Un PSE en vue d’une cession d’une activité, c’est désormais possible sous certaines conditions

En cas de transfert d’entreprise ou d’une activité économique autonome, les contrats de travail des salariés de l’entité concernée sont transférés automatiquement chez le nouvel employeur en application de l’article L.1224-1 du Code du travail. Cette disposition est d’ordre public et permet de sécuriser les contrats de travail.

Jusqu’à la loi Travail, il n’était pas possible de licencier, pour un motif économique, les salariés que le repreneur de l’activité ne souhaitait pas conserver. Désormais, cela est possible sous certaines conditions. Il s’agit d’une brèche significative, sur un principe du droit du travail datant de 1928. Les employeurs jugeaient en effet trop rigide cette disposition qui obligeait le nouvel employeur à reprendre l’ensemble du personnel affecté à l’activité autonome transférée, ce qui pouvait faire obstacle à des reprises d’activité. La loi Travail vient, tout de même, poser deux conditions :

  • Les entreprises d’au moins 1 000 salariés, celles appartenant à un groupe d’au moins 1 000 salariés ainsi que les entreprises de dimension communautaire ou appartenant à un groupe de dimension communautaire (c’est-à-dire un groupe d’au moins 1000 salariés comportant au moins un établissement employant 150 salariés et plus dans au moins deux de ces Etats membres de la communauté européenne ou de l’espace économique européen).
  • Les entreprises souhaitent accepter une offre de reprise dans le cadre de l’obligation de recherche d’un repreneur, prévue par le dispositif Florange (loi du 29 mars 2014)

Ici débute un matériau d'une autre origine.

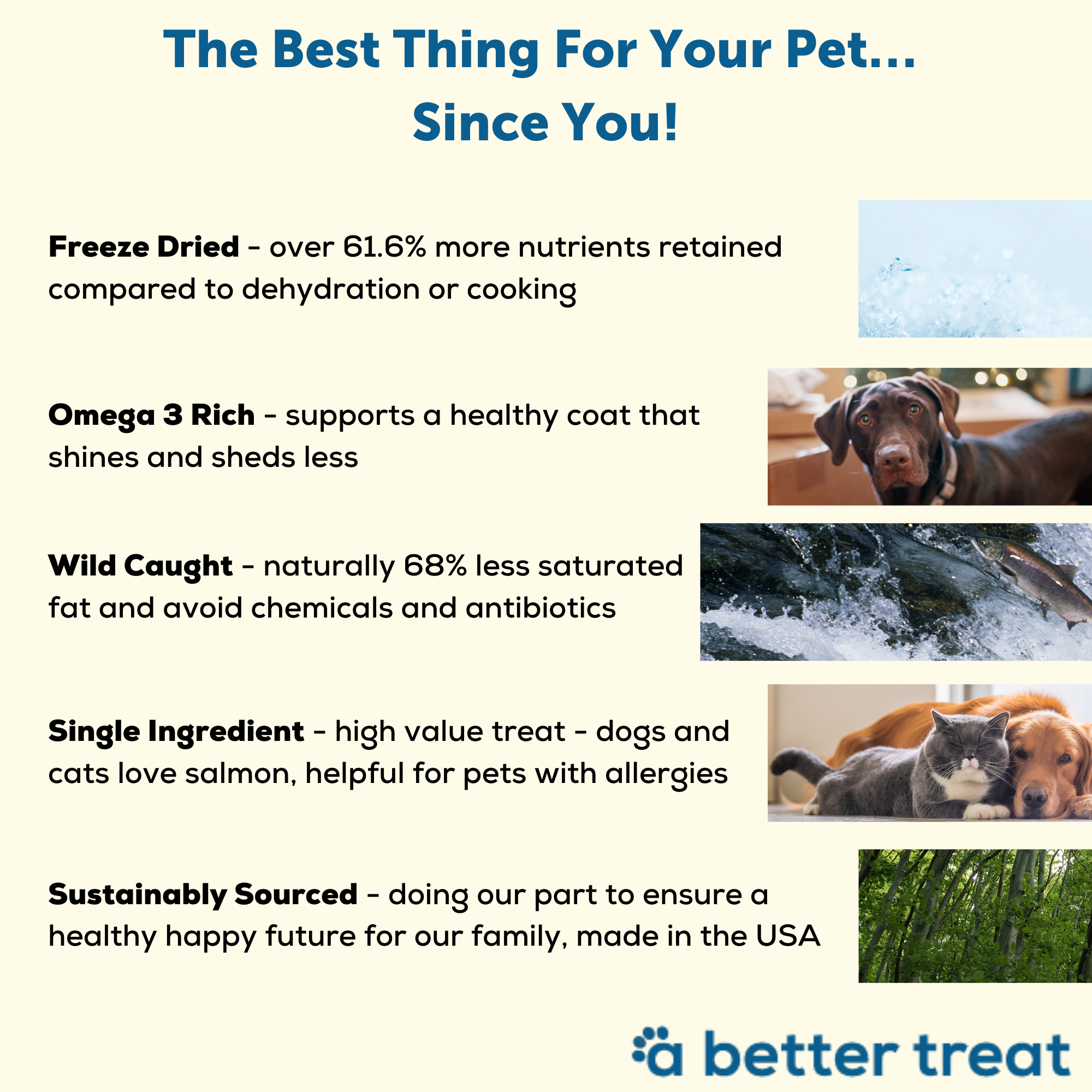 A Better Treat - Wholesale Pet Treats - Dog - Freeze Dried Wild Caught Salmon Dog and Cat Treats3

Le dispositif Florange : Qu’est ce que c’est ?

Lorsqu’une entreprise ou un Groupe d’au moins 1 000 salariés, au sens retenu pour le comité de groupe ou le comité d’entreprise européen, envisage la fermeture d’établissement ayant pour conséquence un licenciement collectif pour motif économique donnant lieu à un plan de sauvegarde de l’emploi (PSE), l’employeur doit en informer le comité d’entreprise et rechercher un repreneur potentiel. Le respect de cette obligation conditionne la régularité de la procédure de licenciement collectif et l’homologation du PSE.

Constituent un projet de fermeture, ayant pour conséquence  des licenciements économiques et la mise en œuvre d’un plan de sauvegarde de l’emploi au niveau de l’établissement ou de l’entreprise :

  • la cessation complète d’activité d’un établissement ;
  • la fusion de plusieurs établissements en dehors de la zone d’emploi où ils étaient implantés ;
  • le transfert d’un établissement en dehors de sa zone d’emploi

Dans l’hypothèse où l’employeur souhaite accepter une offre de reprise, il doit :

  • consulter le CE pour obtenir son avis dans un délai minimum de 15 jours,
  • indiquer au CE les raisons pour lesquelles il souhaite accepter l’offre.

Dans le cas où l’employeur n’a reçu aucu.ne offre de reprise ou ne souhaite en accepter aucune, il doit réunir le CE, avant la fin de la procédure d’information et de consultation relative au projet de réorganisation et de licenciement collectif, afin de lui présenter un rapport indiquant :

  • les actions engagées pour rechercher un repreneur,
  • les caractéristiques des offres de reprise reçues,
  • le cas échéant, les raisons qui ont conduit l’employeur à refuser les offres de reprise.
  • Le rapport sur le processus de recherche doit être communiqué à la Direccte.

La loi Travail vient donc assouplir le dispositif Florange. Jusqu’à présent, il n’était en effet pas prévu une reprise partielle d’une entité économique autonome, en dehors des cas de sauvegarde ou de redressement judiciaire.

Par ailleurs, dans le cadre d’un PSE négocié par un accord majoritaire, celui-ci peut aménager la procédure d’information-consultation du comité d’entreprise en cas de projet de transfert d’une ou plusieurs entités économiques nécessaire à la sauvegarde d’une partie des emplois (C. trav., art. L. 1233-24-2). Dans ce cas, l’employeur consulte le comité d’entreprise sur l’offre de reprise dans le délai fixé par l’accord (C. trav., art. L. 1233-57-19).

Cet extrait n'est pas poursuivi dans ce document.